Le Pays est à reconstruire, la pénurie impose une répartition généralisée, les nationalisations bouleversent le paysage économique, la brutale ouverture sur l'extérieur apporte le flot des révolutions techniques engendrées par la guerre, l'atome et le pétrole sont à la une, le charbon restant provisoirement fondamental, l'informatique se pointe, le C.E.A. et de puissants outils métallurgiques et pétroliers sont créés, la C.E.C.A. et le Plan MARSHALL mettent l'européen et l'international à l'ordre du jour, le social et l'économique passent au premier plan ... De beaux jours, rappelant l'an 11 de la République, s'ouvrent. Les participants de la petite histoire que je viens de relater regagnent qui l'industrie privée ou nationalisée, qui la haute administration. Ils sont rejoints par une figure de choc, arrivée en battle-dress avec l'armée LECLERC. Les évènements vécus en commun, pour banals qu'ils paraissent aujourd'hui, ont créé entre eux des liens d'amitié qui dépassent largement le cadre des pures sympathies professionnelles.

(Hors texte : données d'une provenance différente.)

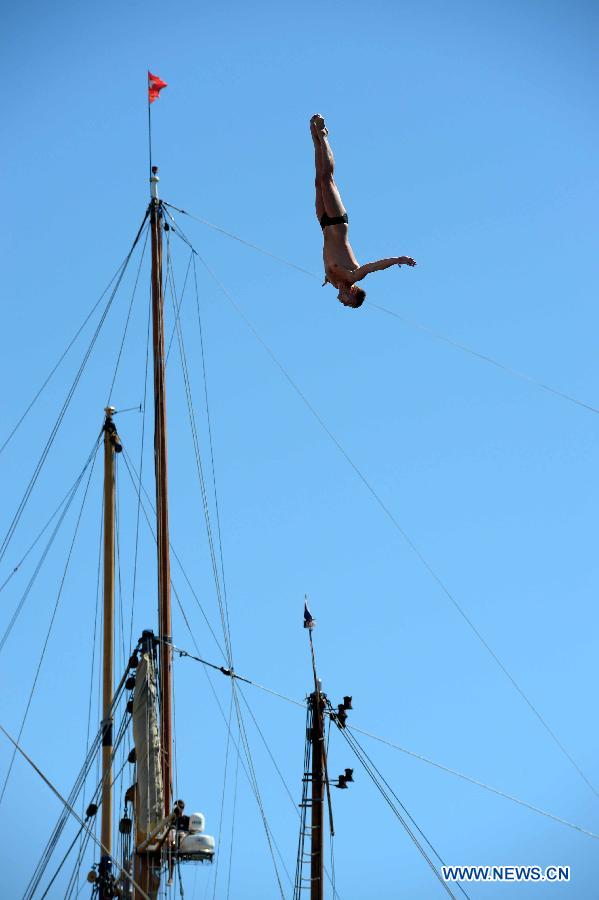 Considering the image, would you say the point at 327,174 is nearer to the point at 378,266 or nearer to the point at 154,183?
the point at 378,266

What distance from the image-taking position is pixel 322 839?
3800cm

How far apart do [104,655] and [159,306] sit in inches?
280

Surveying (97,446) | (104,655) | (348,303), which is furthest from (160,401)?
(348,303)

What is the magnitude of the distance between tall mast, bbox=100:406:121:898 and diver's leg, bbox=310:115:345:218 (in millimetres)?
7894

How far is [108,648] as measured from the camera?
3903 cm

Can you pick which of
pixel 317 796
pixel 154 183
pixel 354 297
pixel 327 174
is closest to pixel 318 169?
pixel 327 174

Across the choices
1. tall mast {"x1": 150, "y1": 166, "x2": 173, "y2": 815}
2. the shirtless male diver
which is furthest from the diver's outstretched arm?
tall mast {"x1": 150, "y1": 166, "x2": 173, "y2": 815}

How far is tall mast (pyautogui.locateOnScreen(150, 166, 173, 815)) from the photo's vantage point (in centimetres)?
3831

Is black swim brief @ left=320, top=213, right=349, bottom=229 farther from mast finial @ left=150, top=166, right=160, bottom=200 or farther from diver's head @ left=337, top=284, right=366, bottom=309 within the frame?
mast finial @ left=150, top=166, right=160, bottom=200

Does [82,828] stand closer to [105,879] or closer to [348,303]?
[105,879]

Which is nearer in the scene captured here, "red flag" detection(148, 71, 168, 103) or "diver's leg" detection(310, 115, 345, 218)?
"diver's leg" detection(310, 115, 345, 218)

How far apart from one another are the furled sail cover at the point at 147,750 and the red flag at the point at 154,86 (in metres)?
10.5

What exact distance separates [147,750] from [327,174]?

Henri LAFOND juge que ce serait péché que de laisser se disperser un tel capital. Il prend le parti de continuer à réunir régulièrement ses collaborateurs et adjoints des temps difficiles. Ainsi se constitue le "Groupe LAFOND" dont les déjeuners mensuels vont se poursuivre pendant quelque 20 ans avec une régularité et une assiduité dont il n'y avait eu jusqu'alors guère d'exemple.

Le benjamin du groupe (Raymond Fischesser), quelque peu frippé par son passage à la Centrale, est inapte à la vie industrielle, faute de posséder les qualités majeures requises pour ce genre d'activité. Il est, d'ailleurs, peu enthousiaste à l'idée de sacrifier sa vie personnelle au culte exclusif des 4 lettres d'une Raison Sociale. Avant de regagner ses chères Potasses d'Alsace, FANTON d'ANDON a la bonté de l'entretenir : une vacance va se dégager à l'Ecole des Mines de Paris.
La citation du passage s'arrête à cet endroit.